TASK INPUT:
········
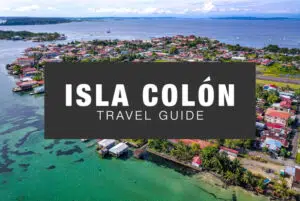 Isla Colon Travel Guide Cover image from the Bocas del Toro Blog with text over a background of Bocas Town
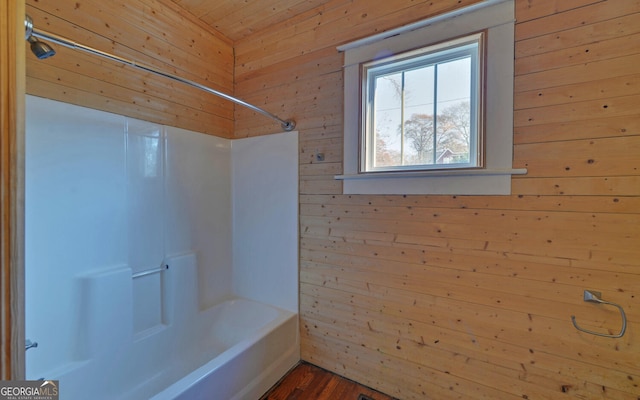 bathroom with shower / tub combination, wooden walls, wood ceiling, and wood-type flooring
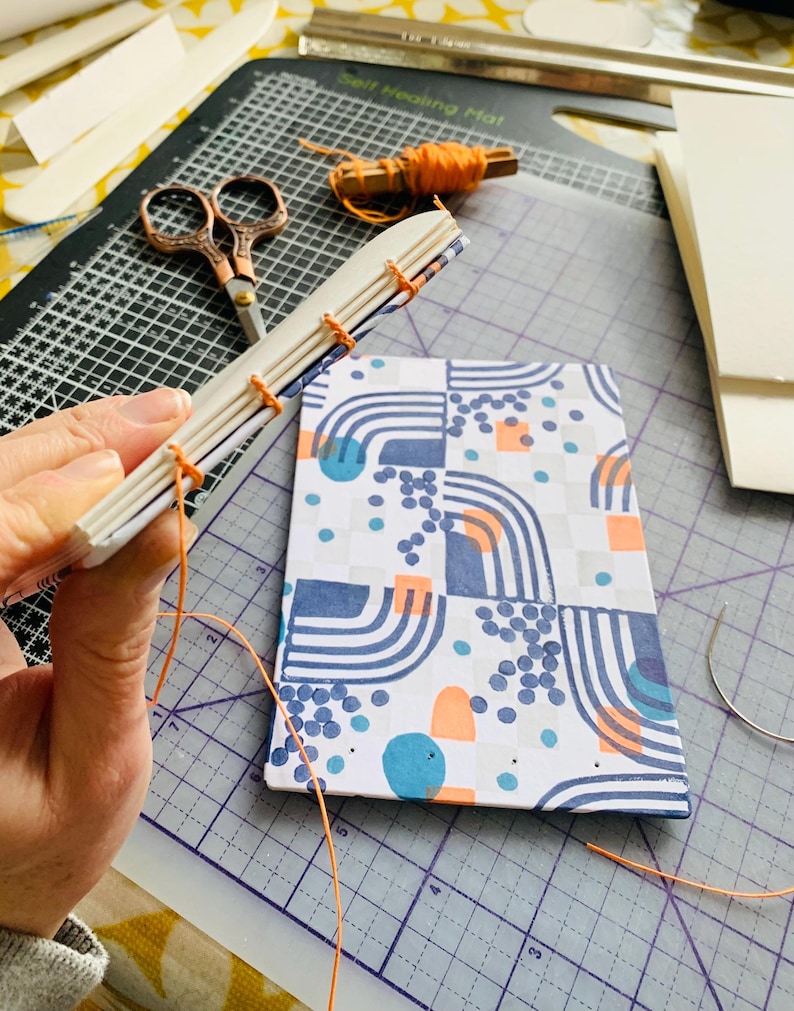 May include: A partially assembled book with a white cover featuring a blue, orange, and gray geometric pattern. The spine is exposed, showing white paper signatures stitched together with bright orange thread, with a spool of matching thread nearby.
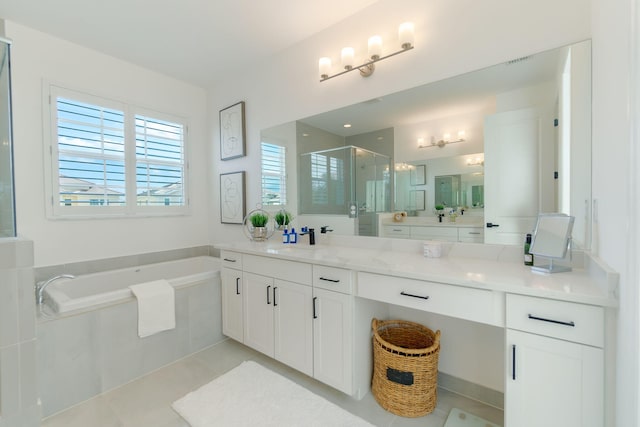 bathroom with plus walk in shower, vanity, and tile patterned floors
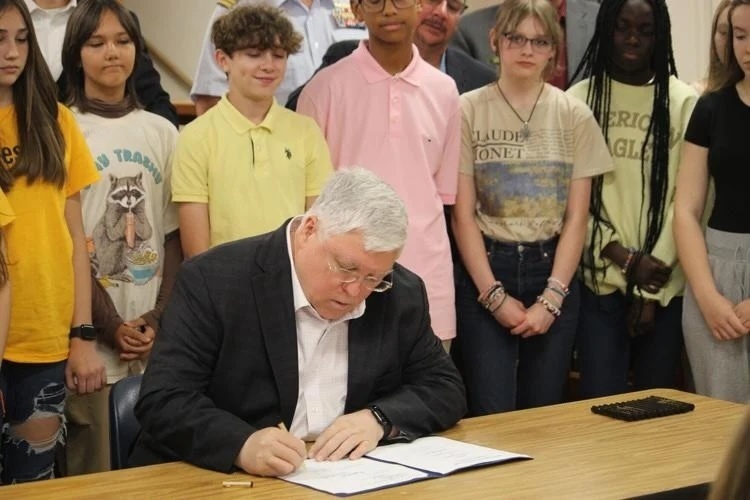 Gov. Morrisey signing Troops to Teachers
········
DESCRIPTION OF THE TASK: If the records contain pictures, skip them, and transcribe exactly every line from the one with "bathroom with plus" through the last line.

REPLY:
 bathroom with plus walk in shower, vanity, and tile patterned floors
 Gov. Morrisey signing Troops to Teachers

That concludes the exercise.